# RIP,SImba & Prissy



## HovawartMom (Aug 10, 2006)

They were,both,my mother's dogs!.
I can't believe this and it's hitting me,like a ton of brick!.
3 Dogs,in 5 mths!.
Priska,then,last Friday,Simba and today,Prissy(our 1st,black/tan Hovawart)!.
All of you,RUN FREE,at the Rainbow Bridge!.
Simba,our Leonberger:




Prissy(black/tan Hovawart),nicknamed"THE DUCHESS":

Last pix,I took of her:


----------



## Karen519 (Aug 21, 2006)

*Golden&hovawart*

GOLDEN&HOVAWART

*I am so very sorry about Simba and Prissy.* Many times dogs that are very close seem to go to the Bridge close together.


----------



## Oaklys Dad (Dec 28, 2005)

So sorry for your recent losses. I agree that they always seem to pass in waves. My thoughts are with you.


----------



## Duke's Momma (Mar 1, 2007)

Oh, no! I'm so so sorry. Run free and play hard with Priska (& Duke), Simba, and Prissy. I wish there was something I could say, but there's not. And so close with Priska's passing. Gosh, I'm sorry.
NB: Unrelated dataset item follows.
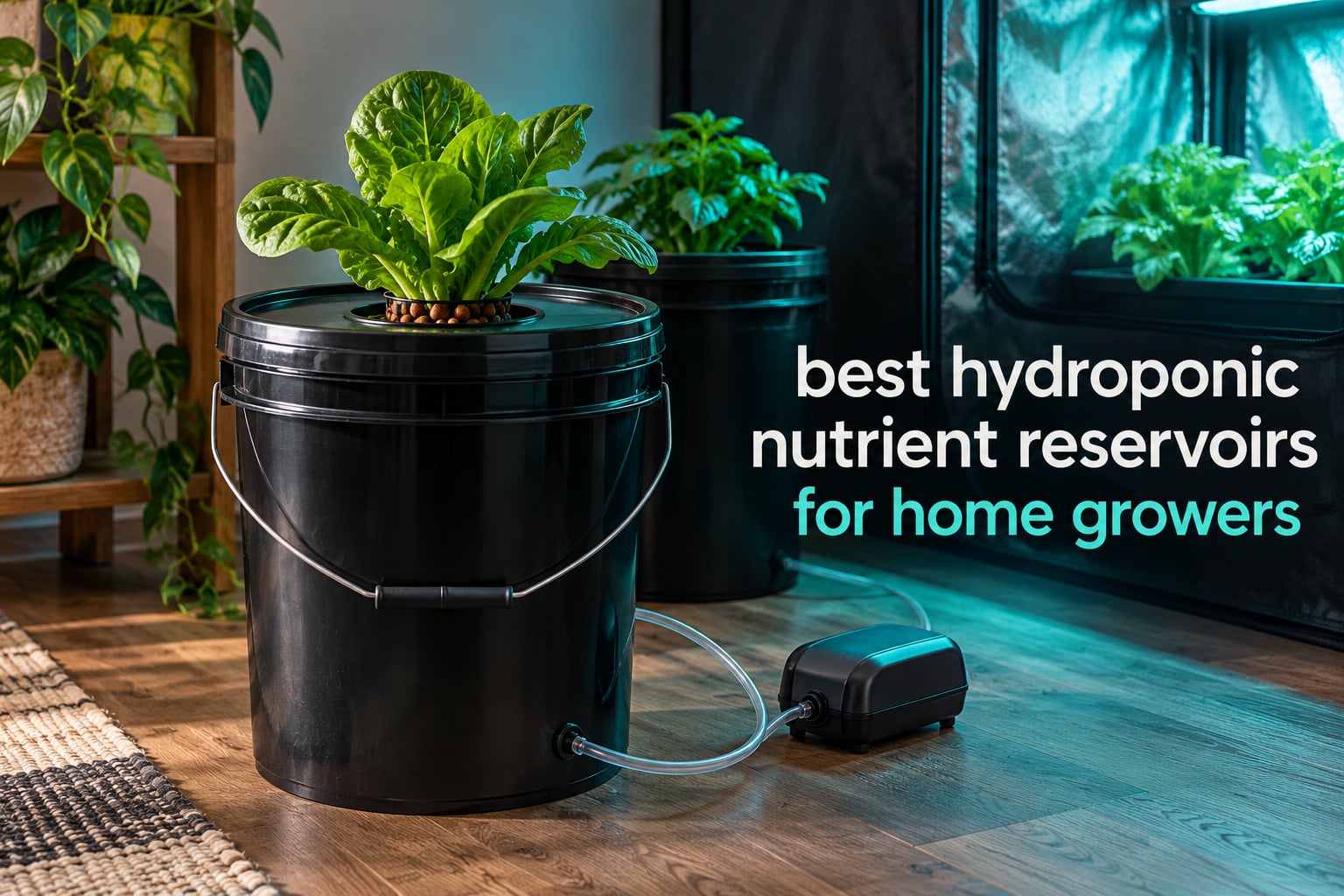 best hydroponic nutrient reservoirs for home growers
Give your mother a hug from me, okay? And, then hug yourself. And, please give Titus a big wet sloppy kiss.


----------



## mullietucksmom (Mar 22, 2009)




----------



## fostermom (Sep 6, 2007)

I am so sorry. So many losses of beautiful animals in such a short time.


----------



## mainegirl (May 2, 2005)

It doesn't seem much, but i want to say how sorry i am for your and your mother's loss. prayers coming your way
beth, moose and angel


----------



## amy22 (May 11, 2008)

I am so so sorry...its so sad that they all passed so close together. My heart breakes for you and your Mom. How sad....but you have to remember they are all together waiting at the Bridge...thats what helps me deal with my losses. They are all beautiful dogs.... xxoo


----------



## Abbydabbydo (Jan 31, 2007)

I am so sorry for all of your losses....


----------



## BeauShel (May 20, 2007)

Oh I am so sorry for all the recent losses in your life. Sometimes we dont understand why it happens the way it does but one day the answer will come. Please give your Mom my condolences. May the love you shared help to comfort you in your time of grief. My heart really hurts for you. 
Run Free Simba and Prissy.


----------



## HovawartMom (Aug 10, 2006)

We,really,had a ****** 6mths,with dogs and it's so hard to explain to kids!.
I know it's life but it doesn't make it,any easier!.


----------



## AmberSunrise (Apr 1, 2009)

I am so sorry for your losses .. that is really tough

Run free at the bridge all 3 Priska, Simba Prissy


----------



## Bell (Jan 23, 2010)

I lost 3 of my 4 pets(2 dogs one cat) In a year-between 2007 and 2008.So i understand your pain.It does seem to come in waves..Why-i don't know.Sorry for your losses.


----------



## goldensmum (Oct 23, 2007)

Please pass my condolences to your Mum, and for you too


----------



## sharlin (Feb 26, 2007)

Play Hard Sweet Children ~ Godspeed & Love


----------



## coppers-mom (Jan 9, 2009)

I am truly sorry you and your mom have lost your lovely dogs and in such a short time! I would be devastated and have a hard time coping.

They were all beautiful.


----------



## Bob Dylan (Mar 31, 2009)

I am so sorry for your loss, my Daughter loss her dogs within three weeks of each other in December. I know the pain your Mom and you are going through, please give her Hugs & Kisses from us, also Hugs & Kisses for you.
I will keep you and your Mom in my prayers.
June


----------



## HovawartMom (Aug 10, 2006)

sharlin said:


> Play Hard Sweet Children ~ Godspeed & Love


Love it!.
I would love it if you could,also,do one,for each of them!.
Thanks-you so much,Laurie


----------



## Hudson (May 18, 2005)

So very sorry you and your Mum ,have had so much grief in such a short time.RIP Prissy, Simba and Priska.


----------